■ **TASK PROMPT**
Lines from the line with "This stunning living" to the line with "Deco Santa at table with list Greeting Card" in the entries below, and only those, must be output exactly, with both ends included.
+++ DATA SUPPLIED +++
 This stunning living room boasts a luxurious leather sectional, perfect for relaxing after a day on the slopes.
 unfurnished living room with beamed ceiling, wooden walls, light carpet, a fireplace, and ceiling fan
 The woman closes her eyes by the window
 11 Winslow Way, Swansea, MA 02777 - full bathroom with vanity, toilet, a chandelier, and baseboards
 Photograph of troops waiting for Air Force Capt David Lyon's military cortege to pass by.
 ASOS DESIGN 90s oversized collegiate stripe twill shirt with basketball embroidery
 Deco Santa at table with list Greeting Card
+++
+++ DATA SUPPLIED +++
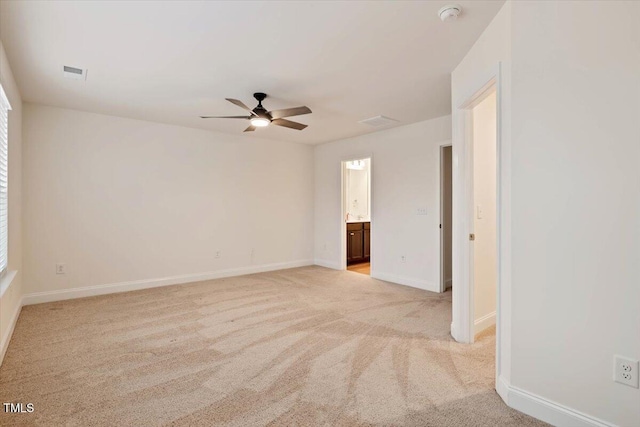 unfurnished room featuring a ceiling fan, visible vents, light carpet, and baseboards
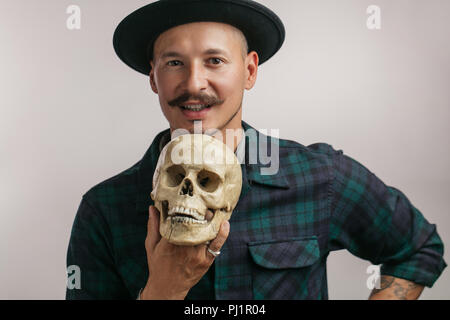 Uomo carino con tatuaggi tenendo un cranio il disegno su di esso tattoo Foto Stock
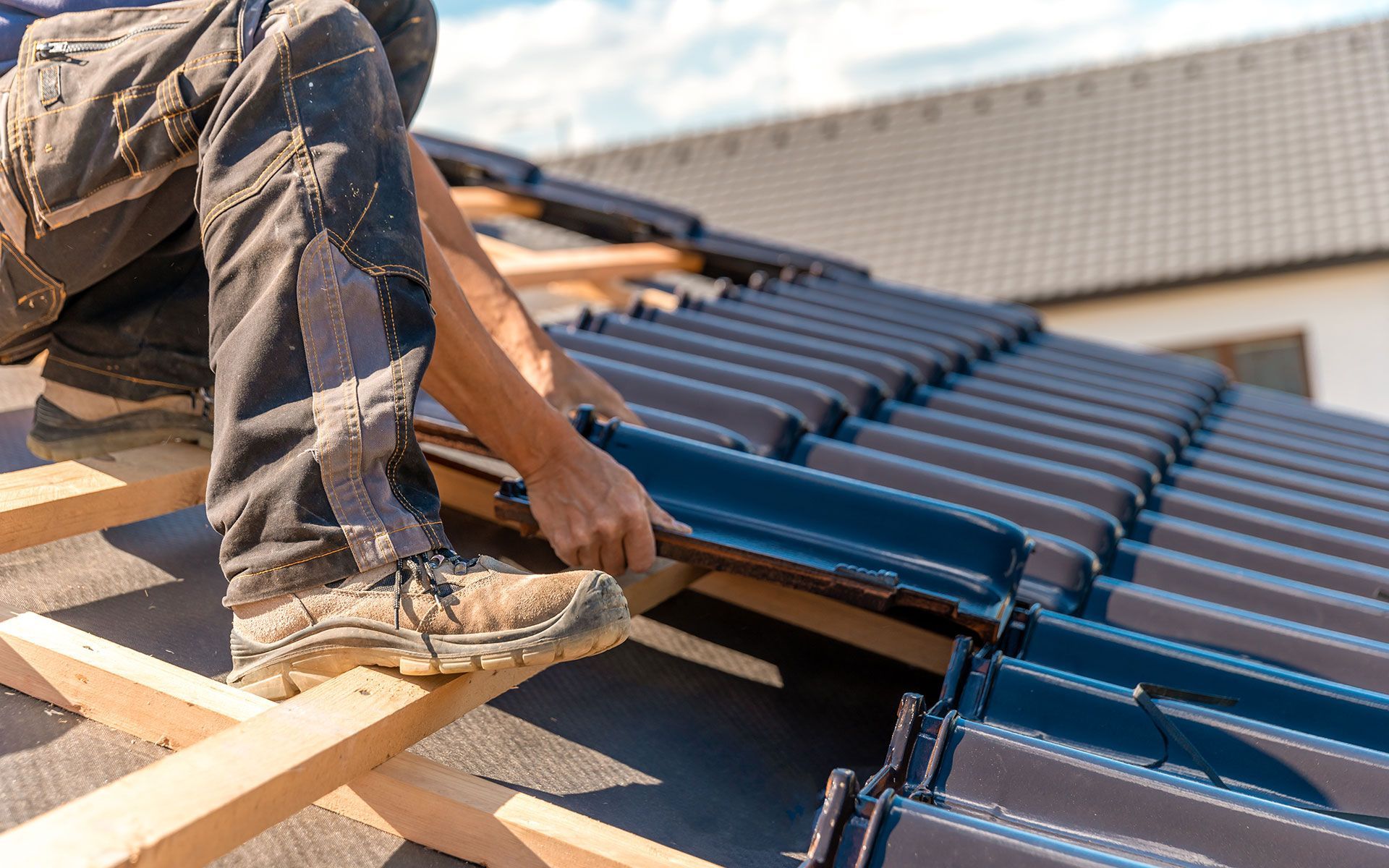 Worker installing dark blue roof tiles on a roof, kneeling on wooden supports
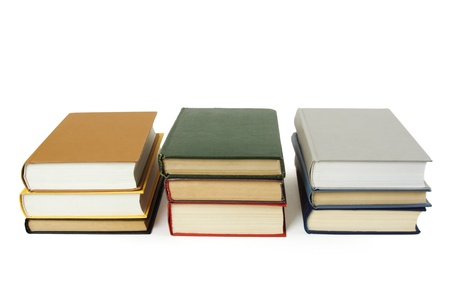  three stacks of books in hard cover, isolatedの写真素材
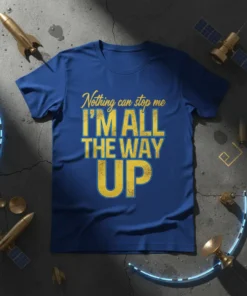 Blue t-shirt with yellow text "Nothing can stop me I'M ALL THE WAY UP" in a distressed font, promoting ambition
+++
■ **RESPONSE AREA**
 This stunning living room boasts a luxurious leather sectional, perfect for relaxing after a day on the slopes.
 unfurnished living room with beamed ceiling, wooden walls, light carpet, a fireplace, and ceiling fan
 The woman closes her eyes by the window
 11 Winslow Way, Swansea, MA 02777 - full bathroom with vanity, toilet, a chandelier, and baseboards
 Photograph of troops waiting for Air Force Capt David Lyon's military cortege to pass by.
 ASOS DESIGN 90s oversized collegiate stripe twill shirt with basketball embroidery
 Deco Santa at table with list Greeting Card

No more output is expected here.